◆ **Your goal**:
Scan the records below for the line containing "Lassie participe au" and the line containing "Imagen principal - Subida". Copy both, plus every line between, exactly.

◆ **Material for this task**:
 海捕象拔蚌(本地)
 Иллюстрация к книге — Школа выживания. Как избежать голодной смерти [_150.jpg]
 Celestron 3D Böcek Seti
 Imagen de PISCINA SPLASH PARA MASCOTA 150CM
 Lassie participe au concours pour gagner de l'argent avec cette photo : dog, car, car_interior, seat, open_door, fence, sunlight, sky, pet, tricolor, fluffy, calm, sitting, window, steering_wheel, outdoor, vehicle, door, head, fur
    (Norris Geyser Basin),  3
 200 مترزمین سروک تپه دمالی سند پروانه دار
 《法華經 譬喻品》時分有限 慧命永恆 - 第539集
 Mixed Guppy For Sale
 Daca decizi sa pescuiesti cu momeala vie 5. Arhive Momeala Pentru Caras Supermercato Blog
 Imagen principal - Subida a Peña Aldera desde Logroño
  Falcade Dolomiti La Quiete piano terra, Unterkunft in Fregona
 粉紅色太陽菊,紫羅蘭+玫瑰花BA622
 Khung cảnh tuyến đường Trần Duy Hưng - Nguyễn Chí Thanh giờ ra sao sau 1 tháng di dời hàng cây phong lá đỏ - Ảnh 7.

---

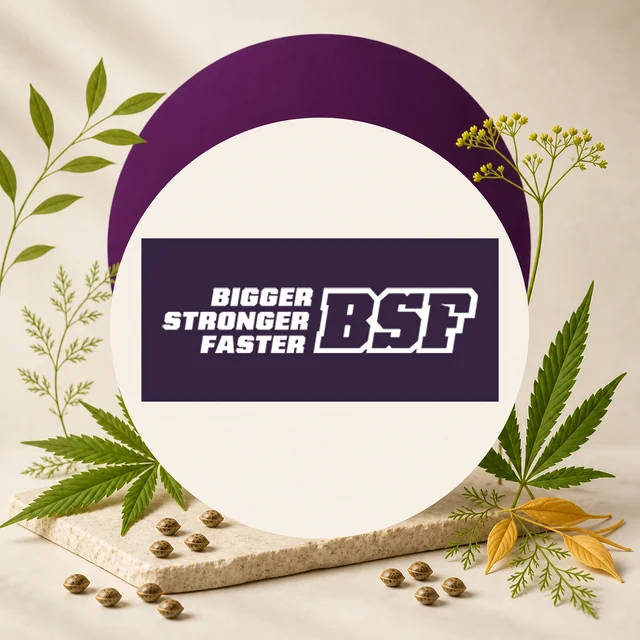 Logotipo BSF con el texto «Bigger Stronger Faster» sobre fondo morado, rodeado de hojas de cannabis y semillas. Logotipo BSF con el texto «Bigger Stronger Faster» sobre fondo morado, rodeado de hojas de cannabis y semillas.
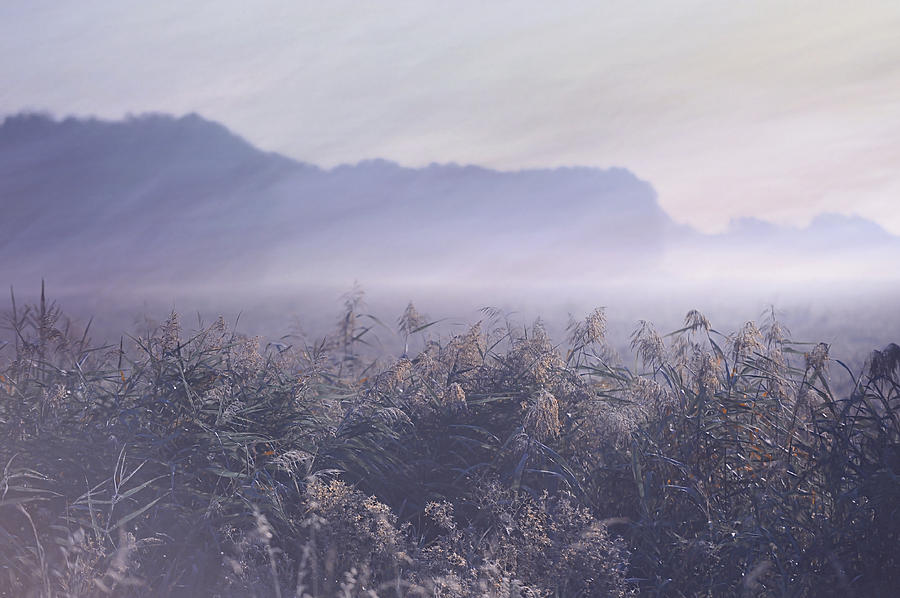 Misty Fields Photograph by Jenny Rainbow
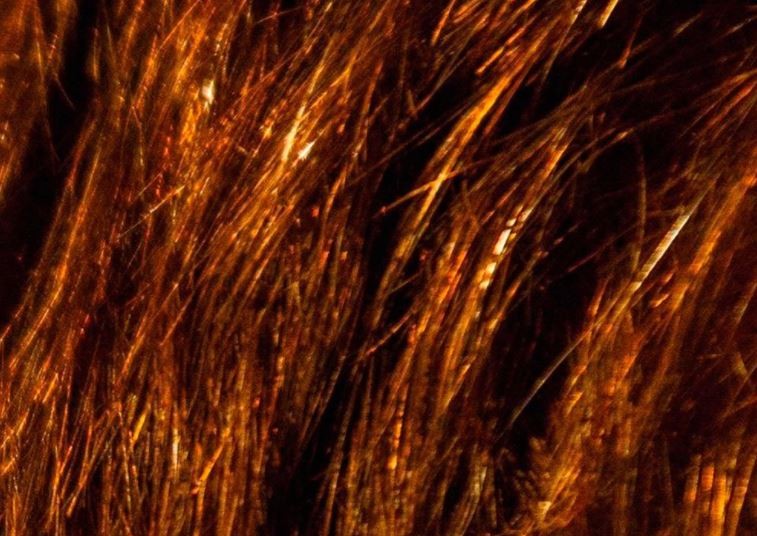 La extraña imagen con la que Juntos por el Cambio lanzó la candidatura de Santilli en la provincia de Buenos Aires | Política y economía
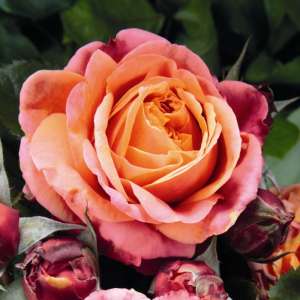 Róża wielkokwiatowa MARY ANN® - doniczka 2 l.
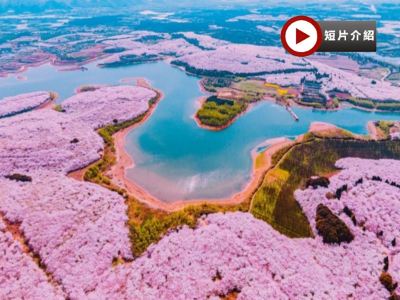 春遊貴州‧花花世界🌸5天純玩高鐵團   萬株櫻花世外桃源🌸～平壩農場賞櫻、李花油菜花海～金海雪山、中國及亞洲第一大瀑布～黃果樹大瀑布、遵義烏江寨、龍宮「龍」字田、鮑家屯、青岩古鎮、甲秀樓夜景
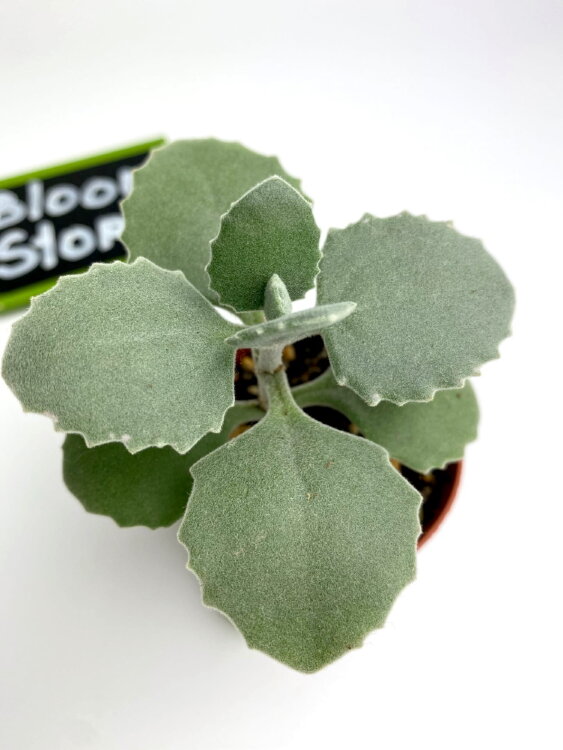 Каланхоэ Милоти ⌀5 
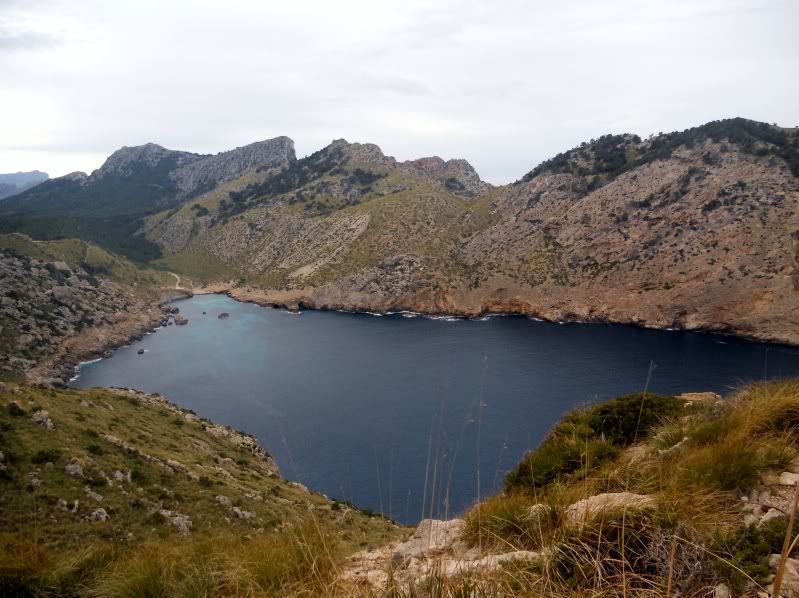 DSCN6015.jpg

--

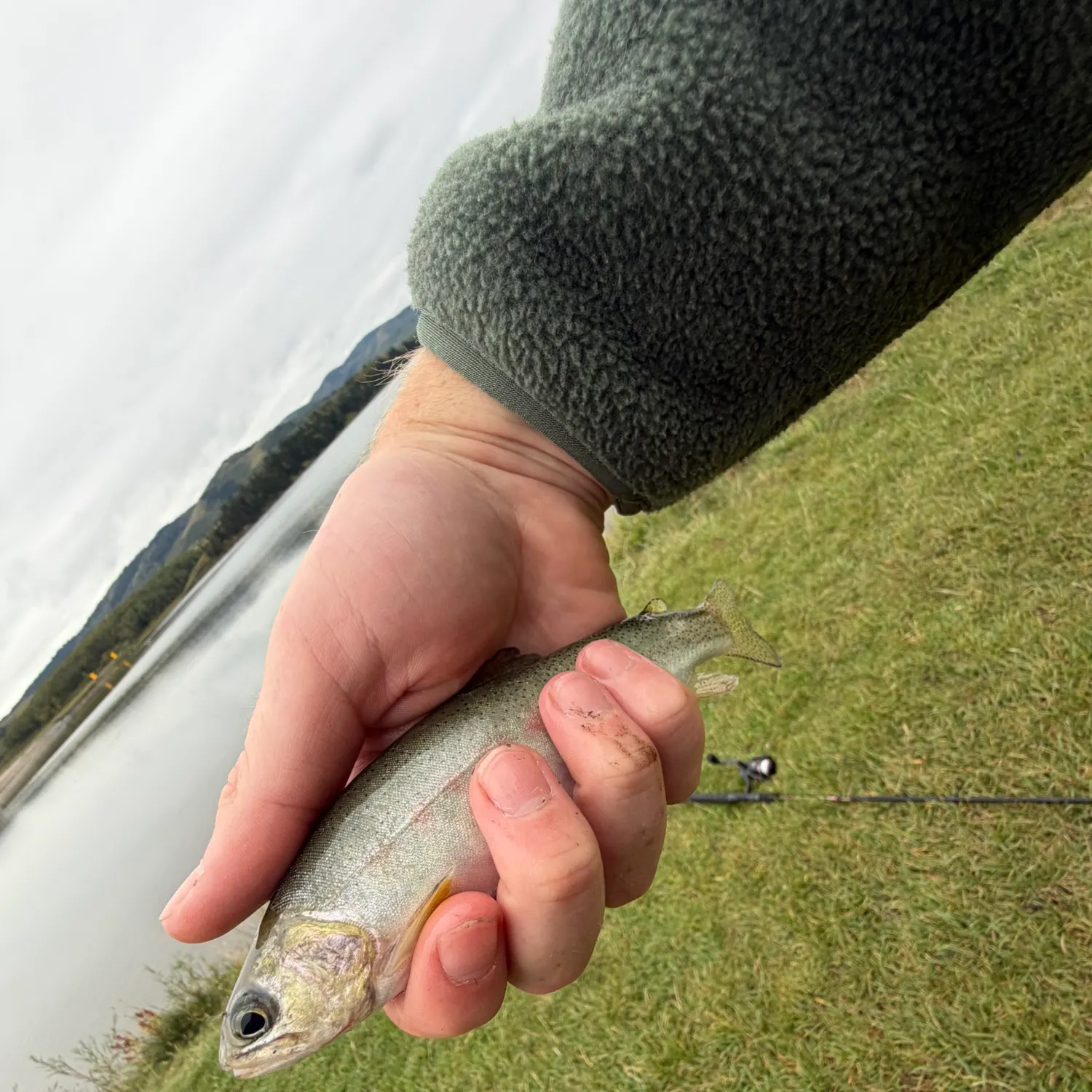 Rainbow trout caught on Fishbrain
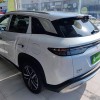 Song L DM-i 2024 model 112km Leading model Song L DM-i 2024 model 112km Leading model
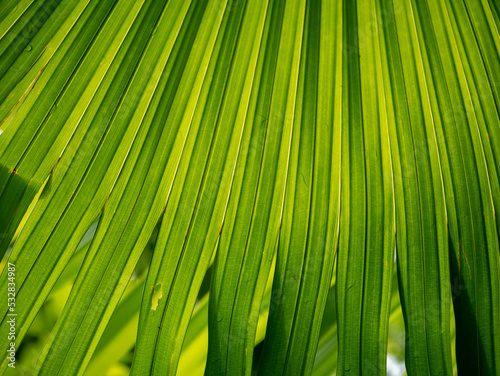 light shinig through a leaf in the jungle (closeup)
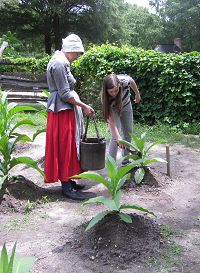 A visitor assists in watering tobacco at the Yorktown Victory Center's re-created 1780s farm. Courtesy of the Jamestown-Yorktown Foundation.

◆ **Task answer**:
 Lassie participe au concours pour gagner de l'argent avec cette photo : dog, car, car_interior, seat, open_door, fence, sunlight, sky, pet, tricolor, fluffy, calm, sitting, window, steering_wheel, outdoor, vehicle, door, head, fur
    (Norris Geyser Basin),  3
 200 مترزمین سروک تپه دمالی سند پروانه دار
 《法華經 譬喻品》時分有限 慧命永恆 - 第539集
 Mixed Guppy For Sale
 Daca decizi sa pescuiesti cu momeala vie 5. Arhive Momeala Pentru Caras Supermercato Blog
 Imagen principal - Subida a Peña Aldera desde Logroño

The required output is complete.